#### [What to produce]
Restate word for word the lines of the entries below, starting with the line that holds "CLIGNO - RIDE JUMP 50" and ending with the line that holds "SPEAKER MIC FOR IC-F14/IC-F14S", and no others.

#### [Data for the task]

──────

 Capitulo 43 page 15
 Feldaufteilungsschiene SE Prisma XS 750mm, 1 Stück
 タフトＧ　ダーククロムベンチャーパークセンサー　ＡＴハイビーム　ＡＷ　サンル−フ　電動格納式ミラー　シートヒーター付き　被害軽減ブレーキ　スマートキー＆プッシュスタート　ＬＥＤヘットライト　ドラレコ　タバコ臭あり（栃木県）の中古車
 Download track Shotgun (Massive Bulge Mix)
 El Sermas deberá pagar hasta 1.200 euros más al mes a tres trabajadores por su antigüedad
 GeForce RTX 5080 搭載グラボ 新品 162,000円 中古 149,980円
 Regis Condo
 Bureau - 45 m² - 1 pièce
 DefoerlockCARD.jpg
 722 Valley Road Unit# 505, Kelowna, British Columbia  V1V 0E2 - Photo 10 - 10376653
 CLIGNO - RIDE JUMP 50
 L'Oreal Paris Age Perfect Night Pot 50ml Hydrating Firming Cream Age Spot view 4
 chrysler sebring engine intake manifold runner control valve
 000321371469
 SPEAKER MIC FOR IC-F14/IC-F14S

──────

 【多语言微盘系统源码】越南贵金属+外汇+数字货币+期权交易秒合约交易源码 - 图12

──────

#### [Result]
 CLIGNO - RIDE JUMP 50
 L'Oreal Paris Age Perfect Night Pot 50ml Hydrating Firming Cream Age Spot view 4
 chrysler sebring engine intake manifold runner control valve
 000321371469
 SPEAKER MIC FOR IC-F14/IC-F14S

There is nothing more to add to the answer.